Election Day 2021 proved to be a mixed bag for expanding gambling opportunities, with proponents winning two of the four major ballot initiatives across the country.
A referendum to allow wagering on in-state college teams in New Jersey was rejected by voters, as was a new casino in Virginia, but retail betting establishments in Iowa and New Hampshire were approved.
New Jersey Rejects Sports Betting Expansion
Rutgers football and Seton Hall basketball fans have to travel to Pennsylvania or Delaware to place a bet on their hometown favorites.
Question 1 would have paved the way for that to change. With more than 97% of the precincts reporting, voters rejected allowing bets on sports events involving in-state collegiate teams, 57% to 33%.
Two polls had been released last week indicating support for the measure was weak, but some voters remained undecided.
Virginia Voters Oppose Casino In Richmond
Richmond became the first city in the state to reject a new casino after the state approved expanding gambling opportunities in 2019.

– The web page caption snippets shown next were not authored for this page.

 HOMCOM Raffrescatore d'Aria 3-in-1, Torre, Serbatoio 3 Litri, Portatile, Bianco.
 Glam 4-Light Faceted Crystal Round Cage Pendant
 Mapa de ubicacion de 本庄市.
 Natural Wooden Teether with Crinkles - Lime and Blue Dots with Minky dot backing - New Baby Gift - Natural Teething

With all but one of the 77 precincts reporting, voters rejected a new casino 51% to 49%. The casino would have been built south of the city off of Interstate 95 and pledged to bring millions of dollars and jobs to an economically depressed area.
“From the beginning, we said the people would decide. They have spoken, and we must respect their decision,” Richmond Mayor Levar Stoney said in a statement reported by the Richmond Times-Dispatch.

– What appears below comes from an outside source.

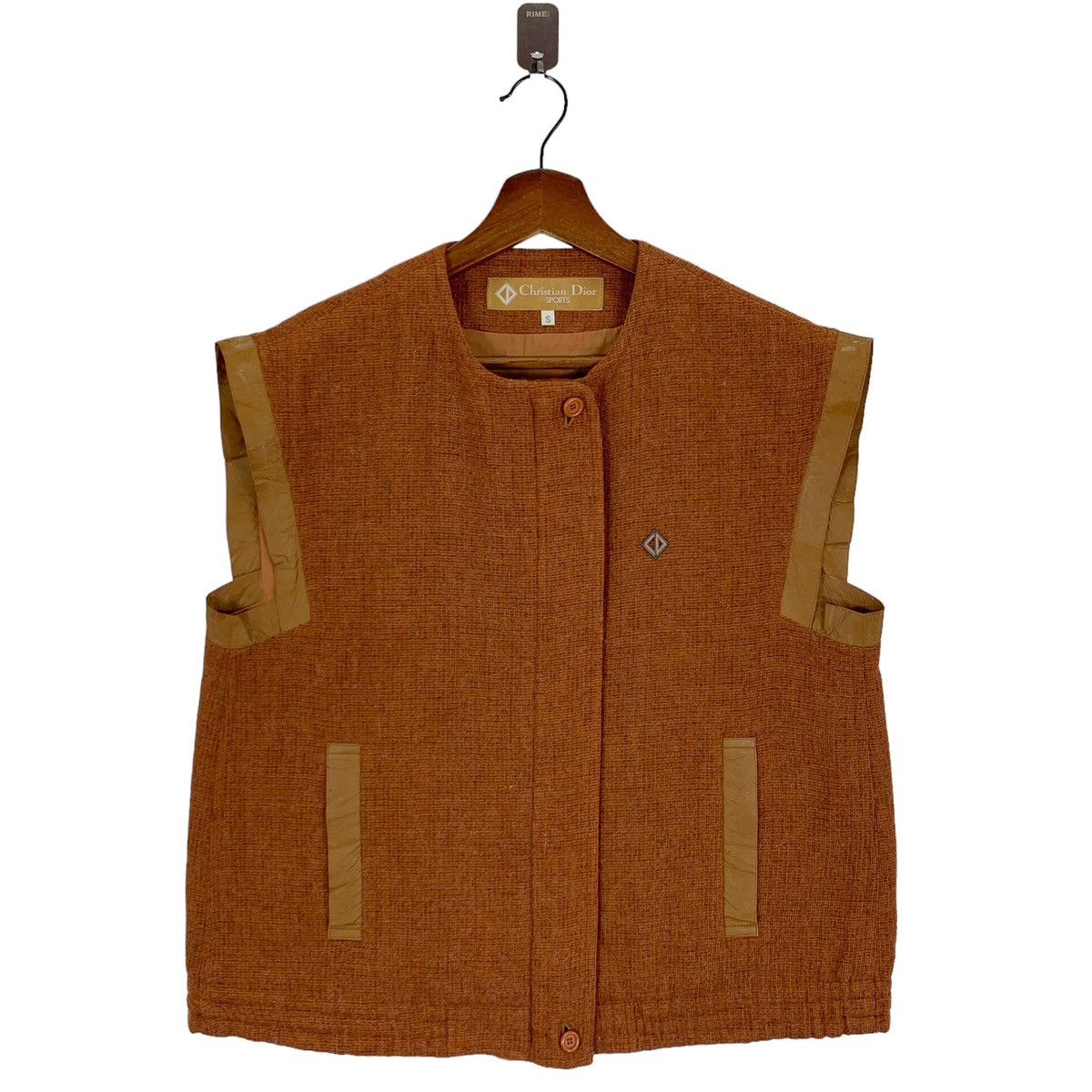 image of Christian Dior Monsieur Vintage Christion Dior Sports Vest Jacket in Orange, Men's (Size Small)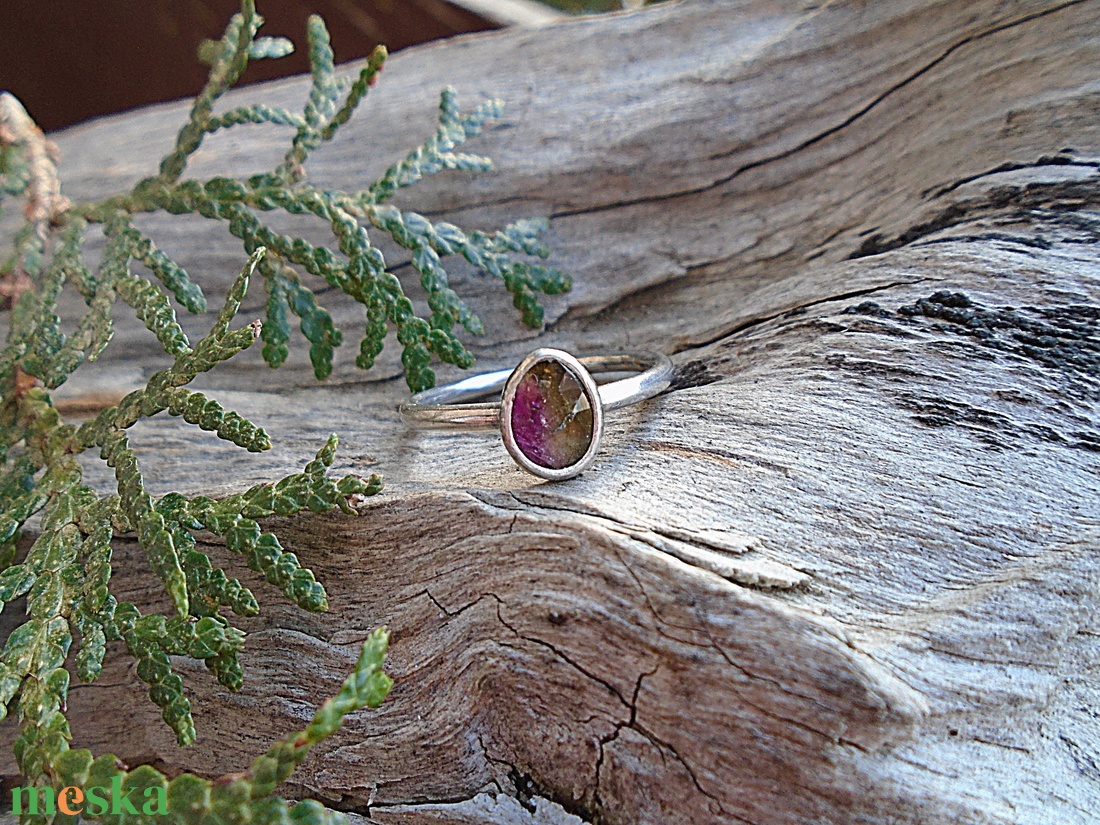 Ezüst Gyűrű Ag925/1000 Turmalín  - ékszer - gyűrű - statement gyűrű - Meska.hu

Last year four other cities in the state — Bristol, Norfolk, Danville, and Portsmouth — all approved similar measures.
Also on Tuesday’s ballots, two smaller jurisdictions in the state voted on expanding pari-mutuel betting. Amherst County rejected the idea, while Emporia City approved it.
Casinos Approved In New Hampshire and Iowa
The move clears the way for the city to open a brick-and-mortar facility. A similar measure was voted down by city residents in 2019.
Nashua becomes the third city in the state to approve a retail location, joining Seabrook and Manchester.
Likewise, voters in Linn County, Iowa — home to Cedar Rapids — approved a measure to bring a retail casino to the area. The process was eight years in the making, as Iowa law requires two votes on expanding gambling.